### Assignment
Return the material below exactly, but only from the line with "Photo - 75 High St Unit 2" through the line with "Volvo XC60 2.0", and without its pictures.

### Material to process
★ ★ ★ ★ ★ ★ ★

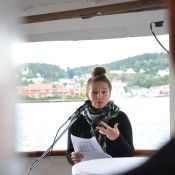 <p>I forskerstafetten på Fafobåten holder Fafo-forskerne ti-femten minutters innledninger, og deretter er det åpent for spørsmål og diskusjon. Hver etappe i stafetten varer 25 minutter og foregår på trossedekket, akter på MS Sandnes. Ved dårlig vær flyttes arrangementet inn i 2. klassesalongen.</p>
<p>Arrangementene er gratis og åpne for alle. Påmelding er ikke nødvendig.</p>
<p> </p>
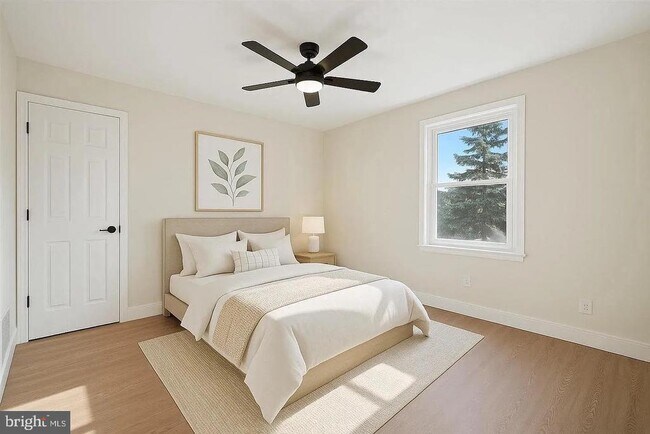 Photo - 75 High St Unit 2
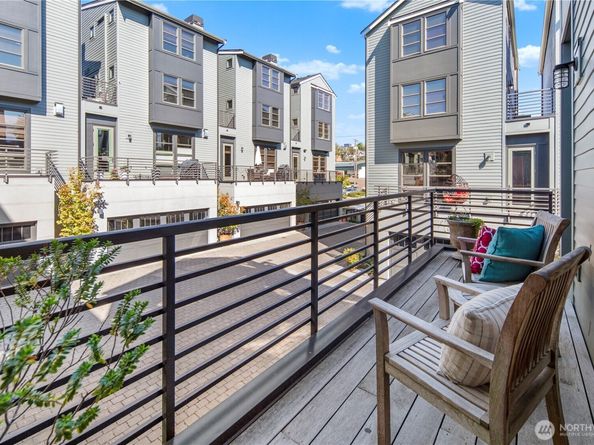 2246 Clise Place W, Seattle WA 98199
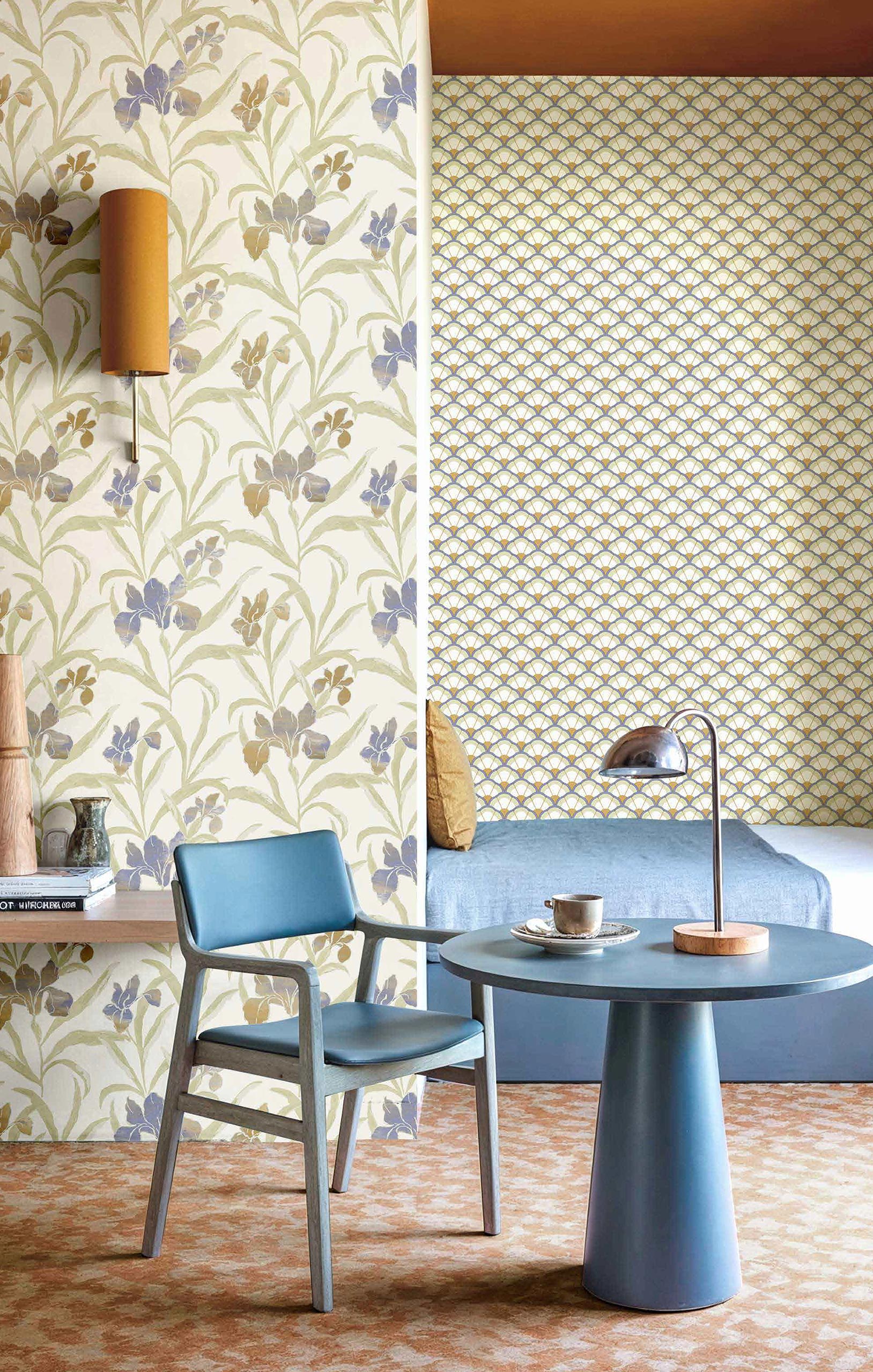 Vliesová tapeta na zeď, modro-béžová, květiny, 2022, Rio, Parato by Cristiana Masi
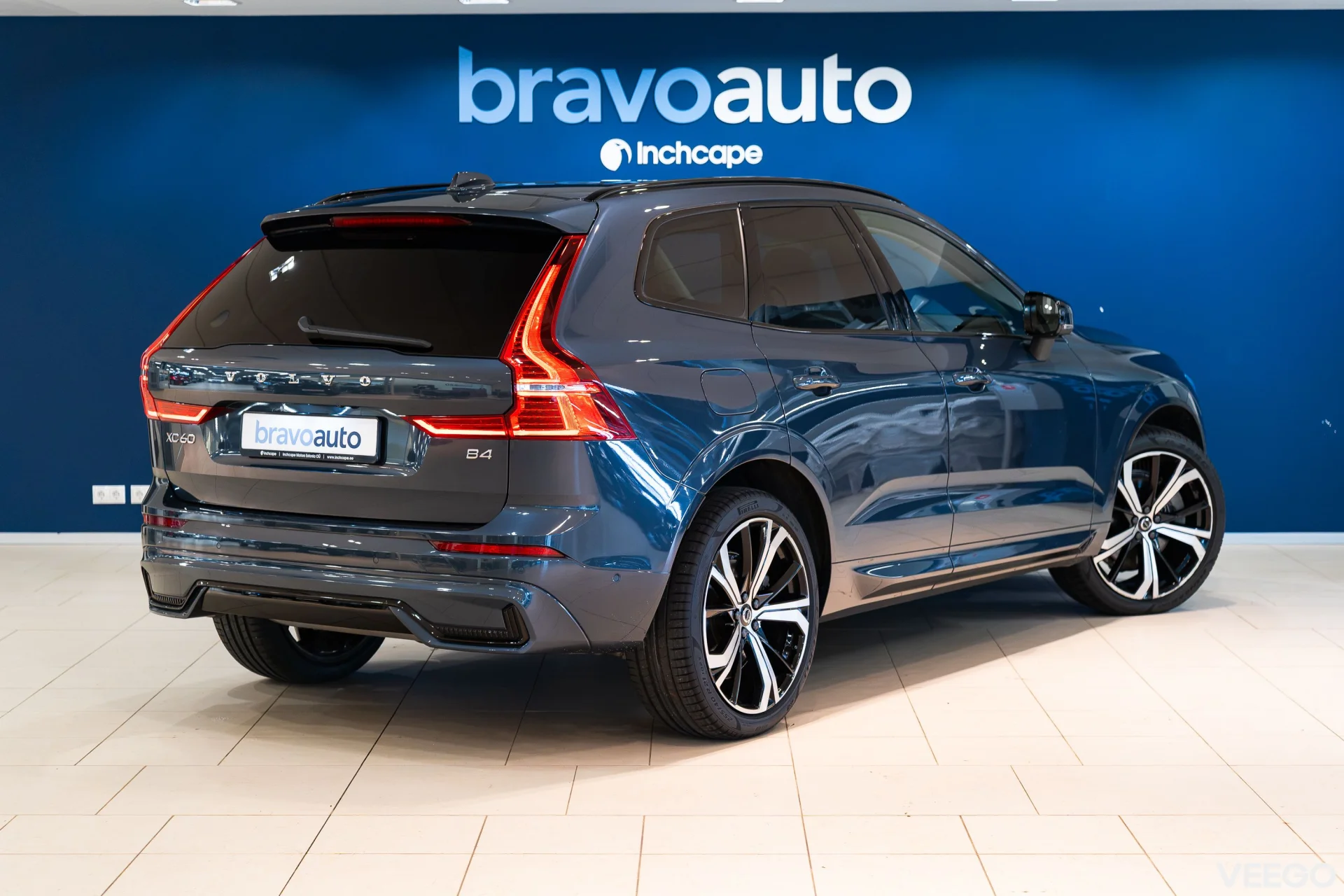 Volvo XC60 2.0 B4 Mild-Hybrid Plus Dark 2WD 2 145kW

★ ★ ★ ★ ★ ★ ★

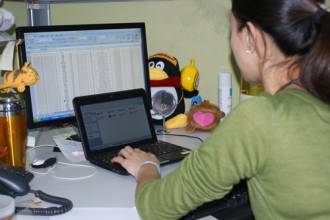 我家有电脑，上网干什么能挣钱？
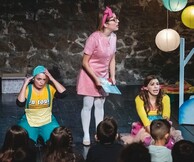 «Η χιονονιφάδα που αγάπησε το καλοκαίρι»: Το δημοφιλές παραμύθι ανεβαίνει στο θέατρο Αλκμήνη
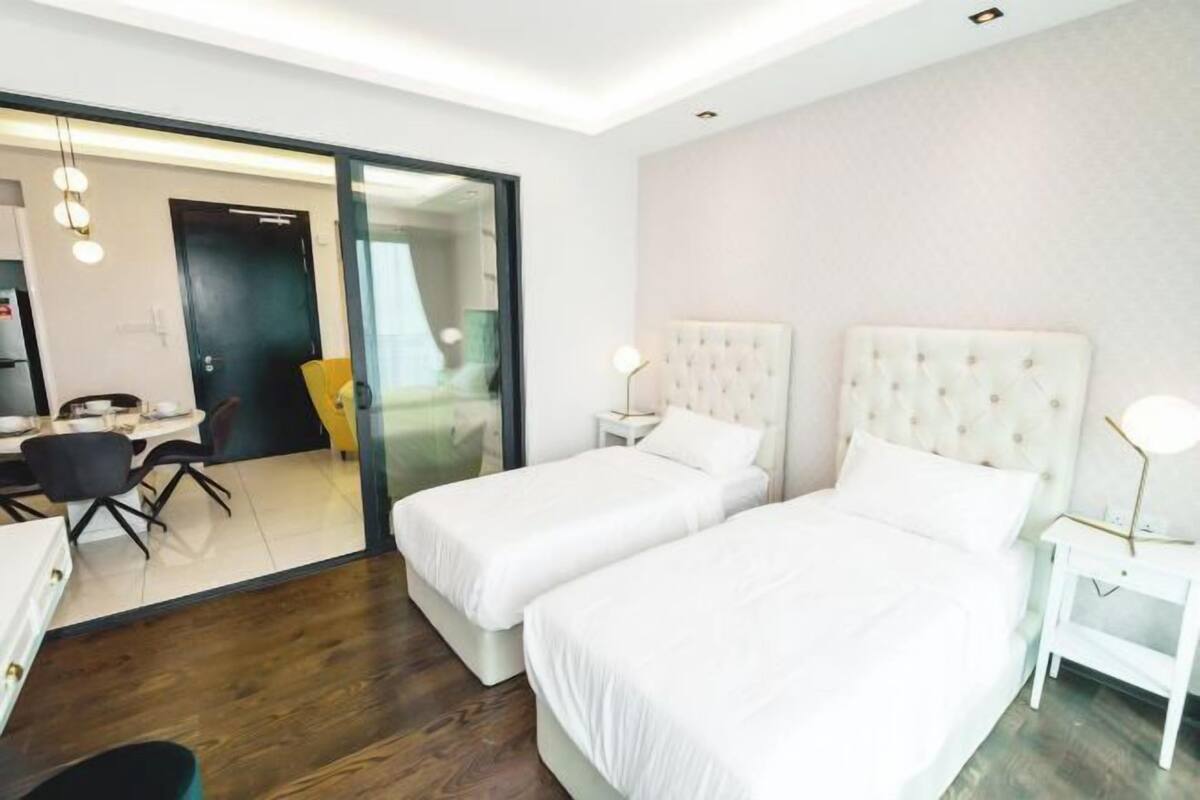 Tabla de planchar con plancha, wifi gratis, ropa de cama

★ ★ ★ ★ ★ ★ ★

### Answer box
 Photo - 75 High St Unit 2
 2246 Clise Place W, Seattle WA 98199
 Vliesová tapeta na zeď, modro-béžová, květiny, 2022, Rio, Parato by Cristiana Masi
 Volvo XC60 2.0 B4 Mild-Hybrid Plus Dark 2WD 2 145kW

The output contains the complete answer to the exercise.